*flops down and sighs*
I swear, if I could go back in time and put the same amount of effort into my undergrad as I have in this MSc then I would have recieved a first.
I got my uni work handed in. Now I just have the presentation in a couple of weeks and then it’s either pass or fail time. Soon I could have MA (HONS) MSc after my name. Or I could just have MA (HONS) PgDip.
With the amount of effort that I have put into it, I really hope I pass, at least. I know I could have put in even more effort if I were a different type of person, but I’m not. One guy on my course is, frankly, a cylon. The guy was made for work. I just cannot sustain that type of mental ability for long periods of time.

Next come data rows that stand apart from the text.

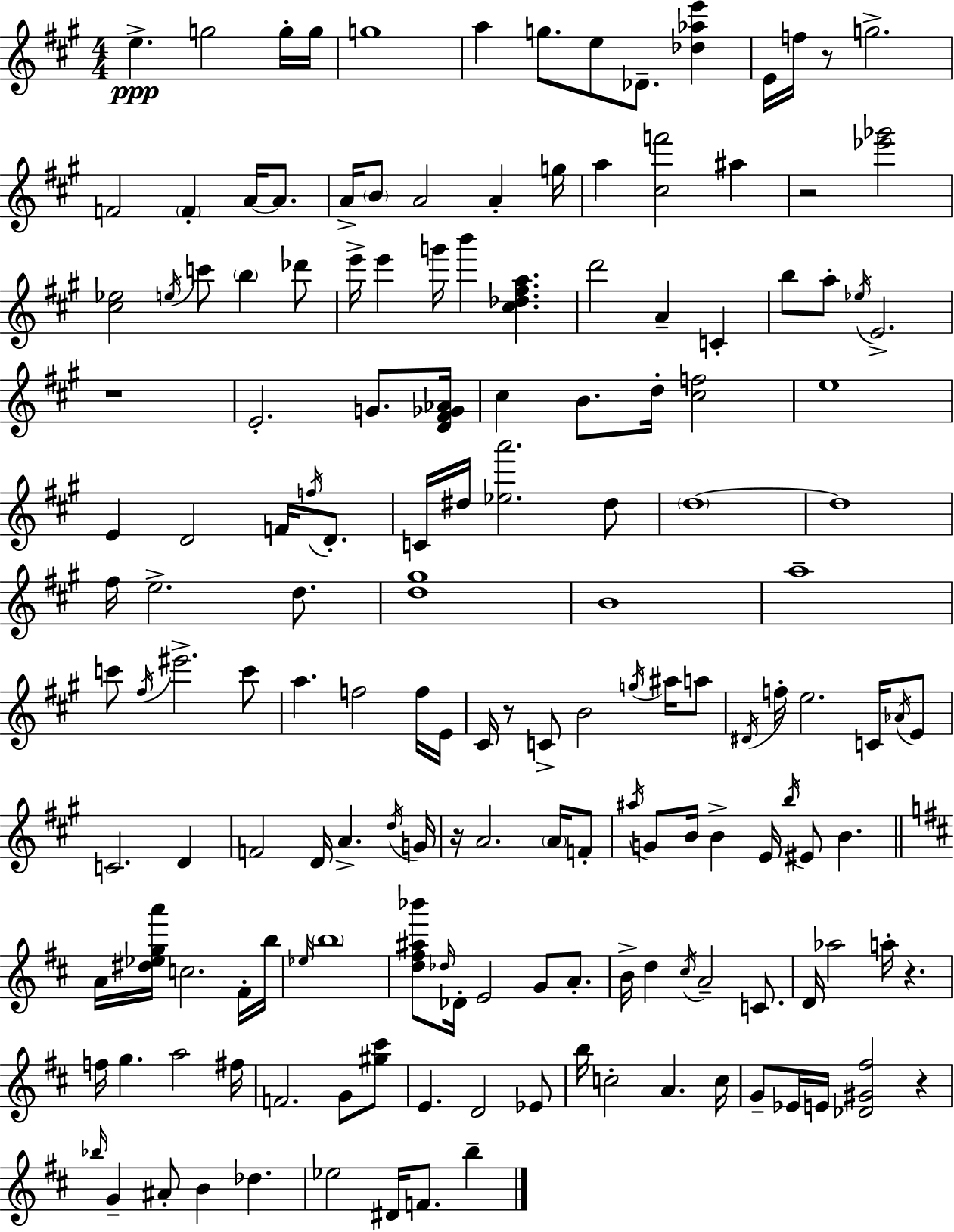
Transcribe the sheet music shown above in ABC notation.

X:1
T:Untitled
M:4/4
L:1/4
K:A
e g2 g/4 g/4 g4 a g/2 e/2 _D/2 [_d_ae'] E/4 f/4 z/2 g2 F2 F A/4 A/2 A/4 B/2 A2 A g/4 a [^cf']2 ^a z2 [_e'_g']2 [^c_e]2 e/4 c'/2 b _d'/2 e'/4 e' g'/4 b' [^c_d^fa] d'2 A C b/2 a/2 _e/4 E2 z4 E2 G/2 [D^F_G_A]/4 ^c B/2 d/4 [^cf]2 e4 E D2 F/4 f/4 D/2 C/4 ^d/4 [_ea']2 ^d/2 d4 d4 ^f/4 e2 d/2 [d^g]4 B4 a4 c'/2 ^f/4 ^e'2 c'/2 a f2 f/4 E/4 ^C/4 z/2 C/2 B2 g/4 ^a/4 a/2 ^D/4 f/4 e2 C/4 _A/4 E/2 C2 D F2 D/4 A d/4 G/4 z/4 A2 A/4 F/2 ^a/4 G/2 B/4 B E/4 b/4 ^E/2 B A/4 [^d_ega']/4 c2 ^F/4 b/4 _e/4 b4 [d^f^a_b']/2 _d/4 _D/4 E2 G/2 A/2 B/4 d ^c/4 A2 C/2 D/4 _a2 a/4 z f/4 g a2 ^f/4 F2 G/2 [^g^c']/2 E D2 _E/2 b/4 c2 A c/4 G/2 _E/4 E/4 [_D^G^f]2 z _b/4 G ^A/2 B _d _e2 ^D/4 F/2 b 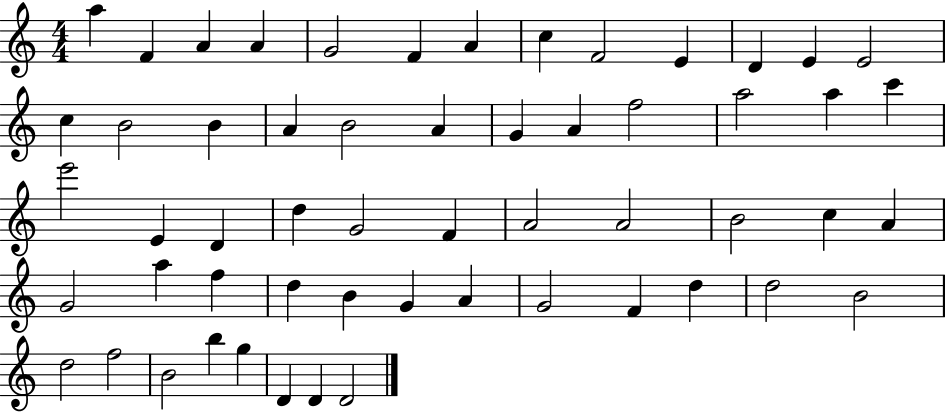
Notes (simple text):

A5/q F4/q A4/q A4/q G4/h F4/q A4/q C5/q F4/h E4/q D4/q E4/q E4/h C5/q B4/h B4/q A4/q B4/h A4/q G4/q A4/q F5/h A5/h A5/q C6/q E6/h E4/q D4/q D5/q G4/h F4/q A4/h A4/h B4/h C5/q A4/q G4/h A5/q F5/q D5/q B4/q G4/q A4/q G4/h F4/q D5/q D5/h B4/h D5/h F5/h B4/h B5/q G5/q D4/q D4/q D4/h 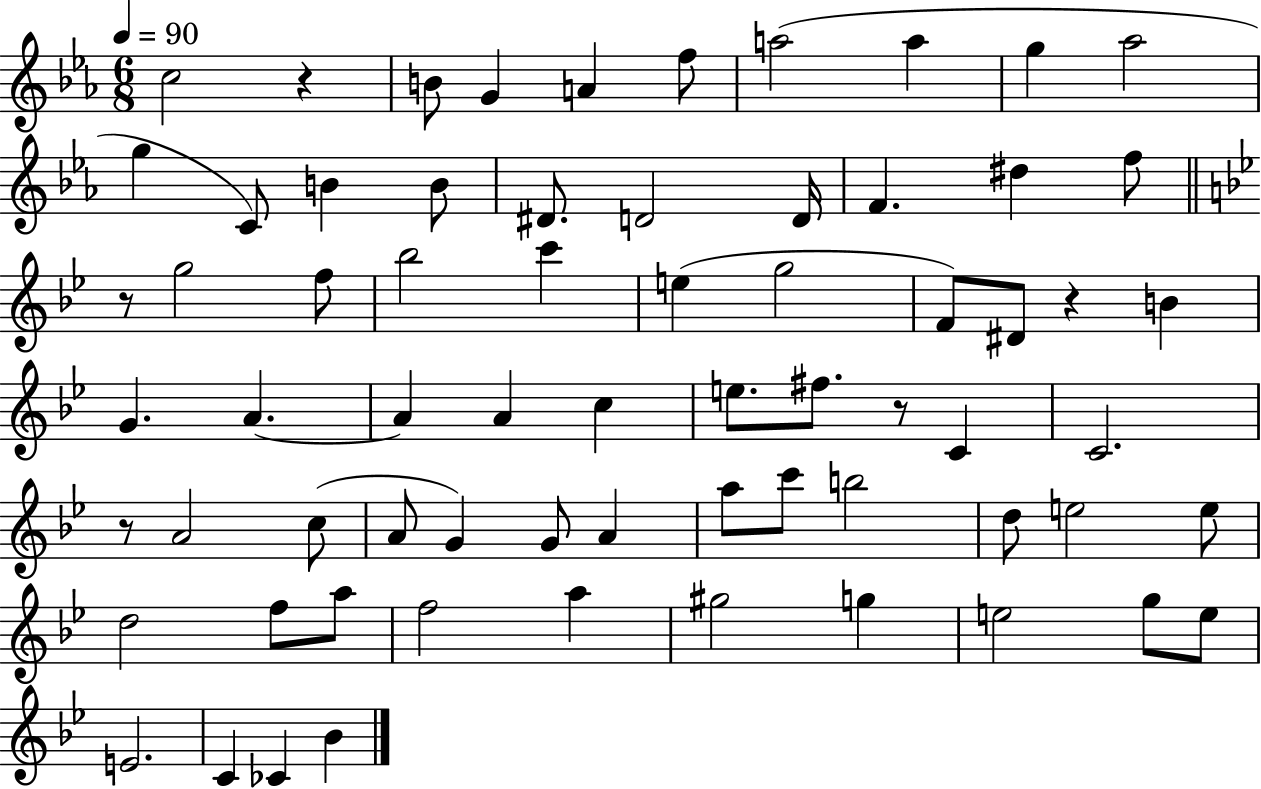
{
  \clef treble
  \numericTimeSignature
  \time 6/8
  \key ees \major
  \tempo 4 = 90
  c''2 r4 | b'8 g'4 a'4 f''8 | a''2( a''4 | g''4 aes''2 | \break g''4 c'8) b'4 b'8 | dis'8. d'2 d'16 | f'4. dis''4 f''8 | \bar "||" \break \key bes \major r8 g''2 f''8 | bes''2 c'''4 | e''4( g''2 | f'8) dis'8 r4 b'4 | \break g'4. a'4.~~ | a'4 a'4 c''4 | e''8. fis''8. r8 c'4 | c'2. | \break r8 a'2 c''8( | a'8 g'4) g'8 a'4 | a''8 c'''8 b''2 | d''8 e''2 e''8 | \break d''2 f''8 a''8 | f''2 a''4 | gis''2 g''4 | e''2 g''8 e''8 | \break e'2. | c'4 ces'4 bes'4 | \bar "|."
} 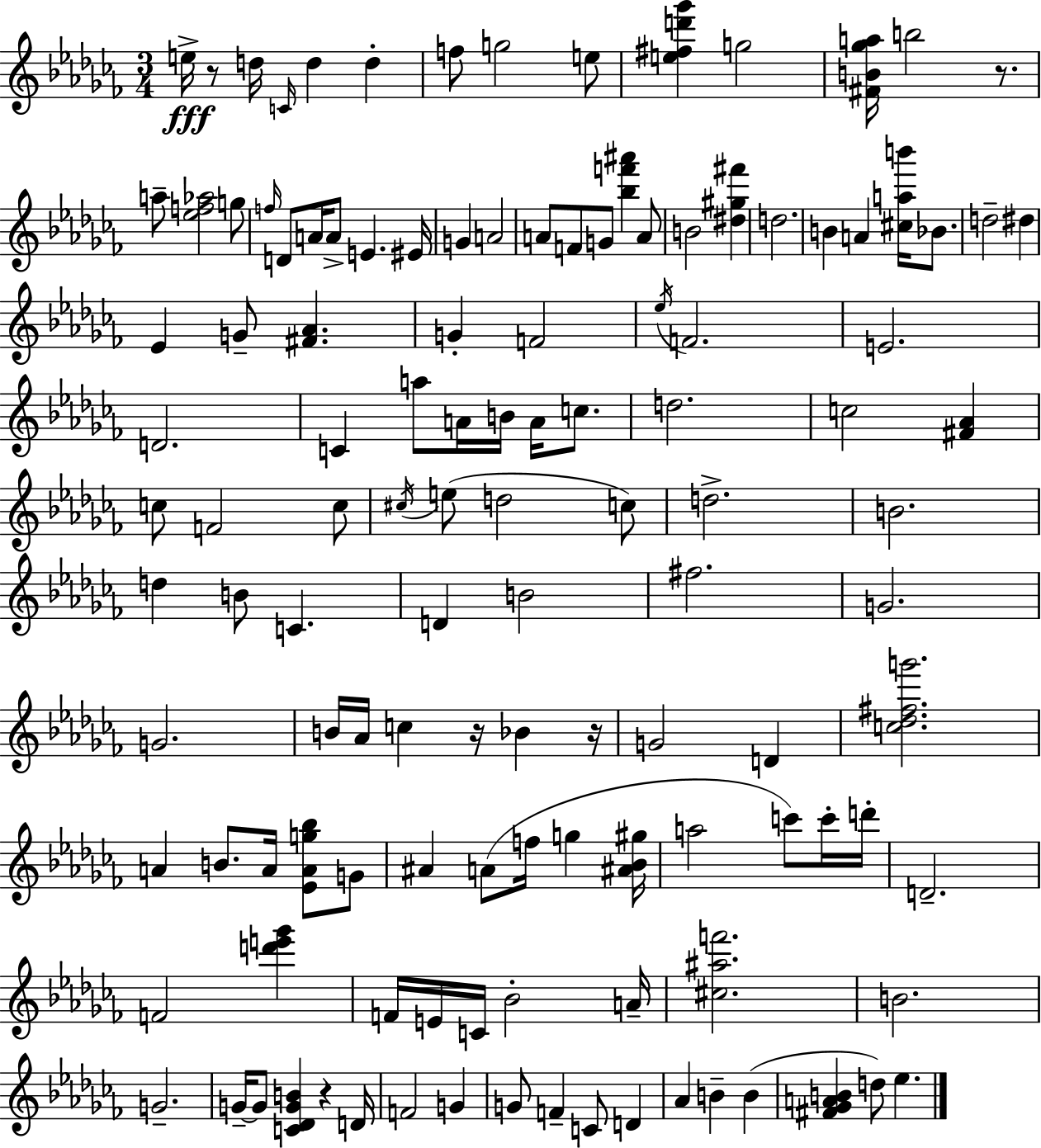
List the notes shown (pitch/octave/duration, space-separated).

E5/s R/e D5/s C4/s D5/q D5/q F5/e G5/h E5/e [E5,F#5,D6,Gb6]/q G5/h [F#4,B4,Gb5,A5]/s B5/h R/e. A5/e [Eb5,F5,Ab5]/h G5/e F5/s D4/e A4/s A4/e E4/q. EIS4/s G4/q A4/h A4/e F4/e G4/e [Bb5,F6,A#6]/q A4/e B4/h [D#5,G#5,F#6]/q D5/h. B4/q A4/q [C#5,A5,B6]/s Bb4/e. D5/h D#5/q Eb4/q G4/e [F#4,Ab4]/q. G4/q F4/h Eb5/s F4/h. E4/h. D4/h. C4/q A5/e A4/s B4/s A4/s C5/e. D5/h. C5/h [F#4,Ab4]/q C5/e F4/h C5/e C#5/s E5/e D5/h C5/e D5/h. B4/h. D5/q B4/e C4/q. D4/q B4/h F#5/h. G4/h. G4/h. B4/s Ab4/s C5/q R/s Bb4/q R/s G4/h D4/q [C5,Db5,F#5,G6]/h. A4/q B4/e. A4/s [Eb4,A4,G5,Bb5]/e G4/e A#4/q A4/e F5/s G5/q [A#4,Bb4,G#5]/s A5/h C6/e C6/s D6/s D4/h. F4/h [D6,E6,Gb6]/q F4/s E4/s C4/s Bb4/h A4/s [C#5,A#5,F6]/h. B4/h. G4/h. G4/s G4/e [C4,Db4,G4,B4]/q R/q D4/s F4/h G4/q G4/e F4/q C4/e D4/q Ab4/q B4/q B4/q [F#4,Gb4,A4,B4]/q D5/e Eb5/q. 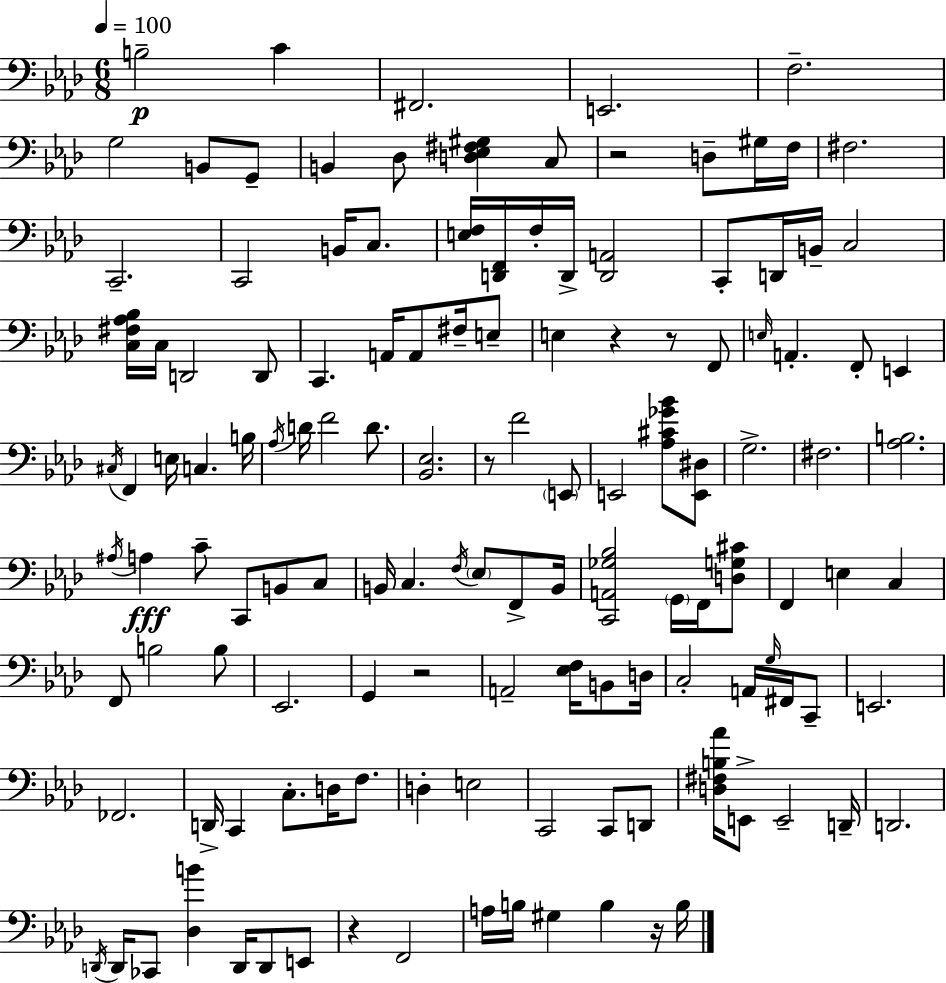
{
  \clef bass
  \numericTimeSignature
  \time 6/8
  \key aes \major
  \tempo 4 = 100
  b2--\p c'4 | fis,2. | e,2. | f2.-- | \break g2 b,8 g,8-- | b,4 des8 <d ees fis gis>4 c8 | r2 d8-- gis16 f16 | fis2. | \break c,2.-- | c,2 b,16 c8. | <e f>16 <d, f,>16 f16-. d,16-> <d, a,>2 | c,8-. d,16 b,16-- c2 | \break <c fis aes bes>16 c16 d,2 d,8 | c,4. a,16 a,8 fis16-- e8-- | e4 r4 r8 f,8 | \grace { e16 } a,4.-. f,8-. e,4 | \break \acciaccatura { cis16 } f,4 e16 c4. | b16 \acciaccatura { aes16 } d'16 f'2 | d'8. <bes, ees>2. | r8 f'2 | \break \parenthesize e,8 e,2 <aes cis' ges' bes'>8 | <e, dis>8 g2.-> | fis2. | <aes b>2. | \break \acciaccatura { ais16 }\fff a4 c'8-- c,8 | b,8 c8 b,16 c4. \acciaccatura { f16 } | \parenthesize ees8 f,8-> b,16 <c, a, ges bes>2 | \parenthesize g,16 f,16 <d g cis'>8 f,4 e4 | \break c4 f,8 b2 | b8 ees,2. | g,4 r2 | a,2-- | \break <ees f>16 b,8 d16 c2-. | a,16 \grace { g16 } fis,16 c,8-- e,2. | fes,2. | d,16-> c,4 c8.-. | \break d16 f8. d4-. e2 | c,2 | c,8 d,8 <d fis b aes'>16 e,8-> e,2-- | d,16-- d,2. | \break \acciaccatura { d,16 } d,16 ces,8 <des b'>4 | d,16 d,8 e,8 r4 f,2 | a16 b16 gis4 | b4 r16 b16 \bar "|."
} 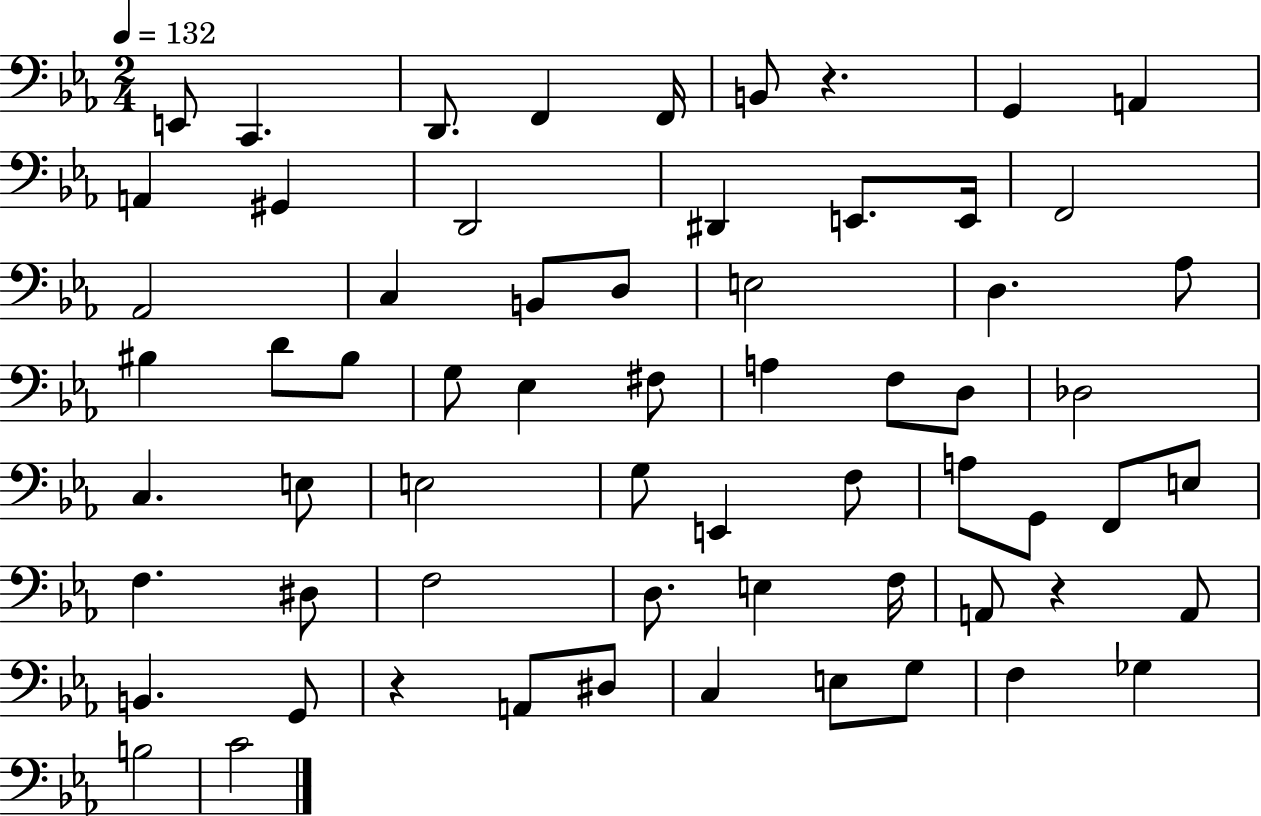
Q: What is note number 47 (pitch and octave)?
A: E3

Either way, I’ve kinda recently decided that life is too short to be worrying about this kinda stuff (although, if you’d asked me last night when I remembered that I’d not done something I would have probably said something entirely different). I found out today that a girl from my class in primary school died last week. What a shame - she was such a sweet girl, born with a hole in her heart. Too many people I know are dying these days. OK, so two is not a huge number, but it’s two too many.
With that in mind, I’m going to spend at least a week just enjoying myself. I’ve not so much as been to the cinema since well before Christmas, I don’t think (discounting the godawful film my mum insisted we go to see for Mother’s Day).